Thankfully, neither of the guards made any move to step out of the kiosk. When the light shifted to green, Thad had to use all of his self-control to barely touch the gas—piloting them forward at the prescribed 5 mph. Almost instantly, the exit gate came into view. They approached, inch by inch—and at the last minute, the gate swung upward, out of the way. And then they were through. Thad slowly accelerated. Ten mph.
He glanced in the rearview mirror. The compound had receded into the rain.
He looked at Sandra—and she stared back at him. Rebecca uncurled herself and sat up in the middle of the Jeep, throwing an arm over his shoulder. Then they were all screaming in joy. They had done it. My God, they had truly pulled it off.
When the celebration had died down, Thad glanced into the rearview mirror again—but this time, he wasn’t looking at the road behind them. He could see the dark bulk of the safe, covered in a plastic tarp they had bought in a hardware store just twenty-four hours ago. The sight of the thing caused his chest to tighten—a mix of anticipation and what could only be described as pure awe.
In that safe was the most precious substance on earth. A national treasure—of unimaginable value, something that had never been stolen before—something that could never, in fact, be replaced. Thad wasn’t sure what the contents of the safe were worth—but he did know that if he’d wanted to, he could have just as easily walked off with enough of the stuff to make him the richest man in the world. As it was, he and his accomplices had pulled off one of the biggest heists in U.S. history.

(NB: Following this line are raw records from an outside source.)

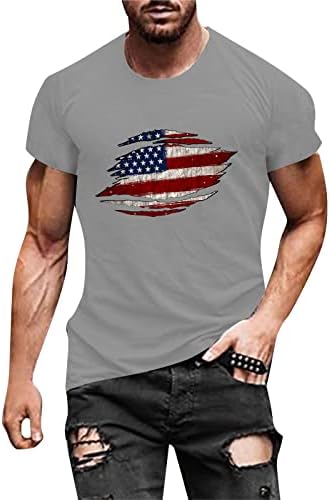 XXBR 4-ти јули маички за кратки ракави за мажи, ретро американско знаме маичка лето атлетски мускули тенок фит-врвови на врвови
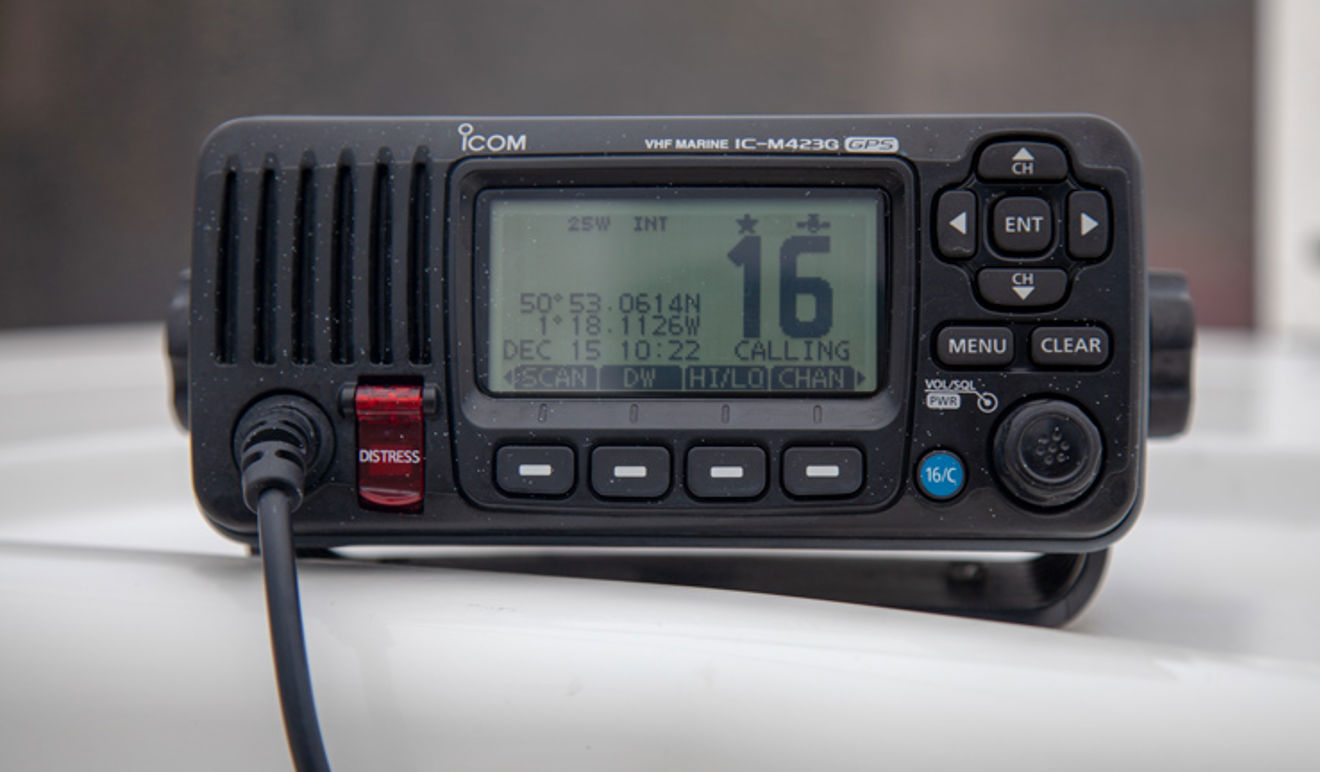 VHF fixed radio attached to a boat
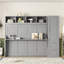 Grand lit escamotable mural avec placard et tiroirs, gris-1320793707-1320793702
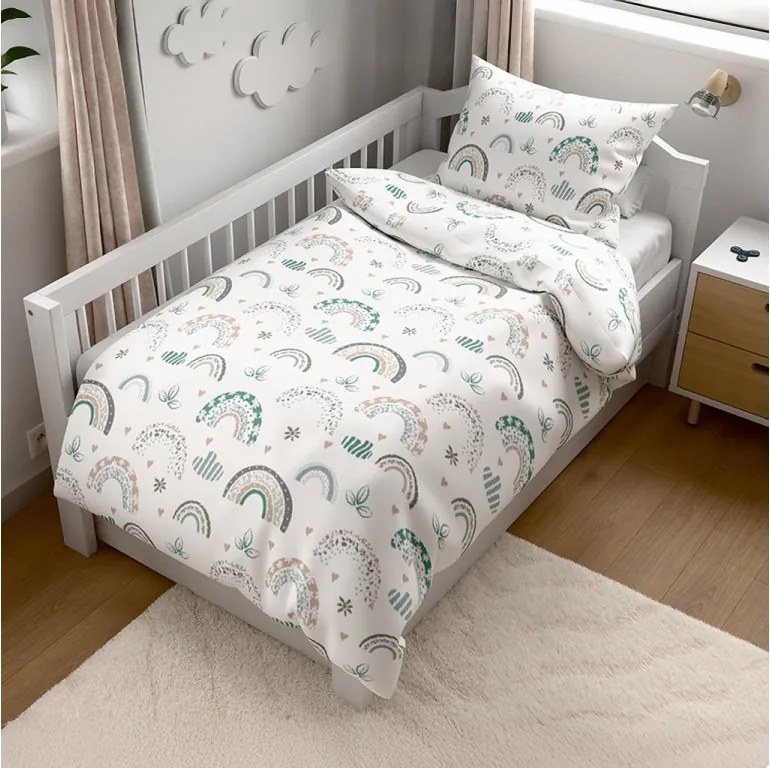 Krepp ágynemű szett kiságyba Renforcé RAINUBI fehér Ágyneműhuzat mérete: 45 x 65 cm | 90 x 140 cm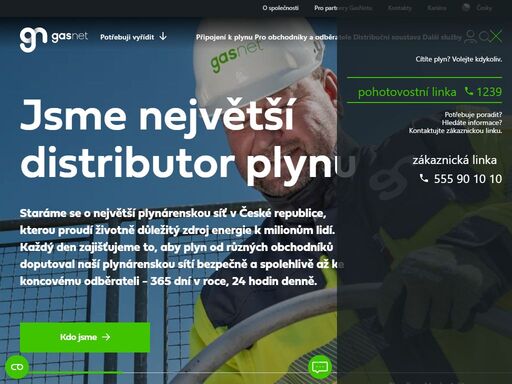 společnost gasnet je provozovatelem největší plynárenské distribuční soustavy v české republice. zajišťuje spolehlivé a bezpečné dodávky zemního plynu pro více než 2,3 miliónu zákazníků.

But to Thad, it hadn’t really been about the monetary value of the contents of the safe. All he’d really wanted to do was keep a promise to the girl sitting next to him, her arm over his shoulder. A simple promise that a million other men had made to millions of women over the years.
He had promised to give her the moon.
The difference was, Thad Roberts was the first man who was actually going to keep that promise.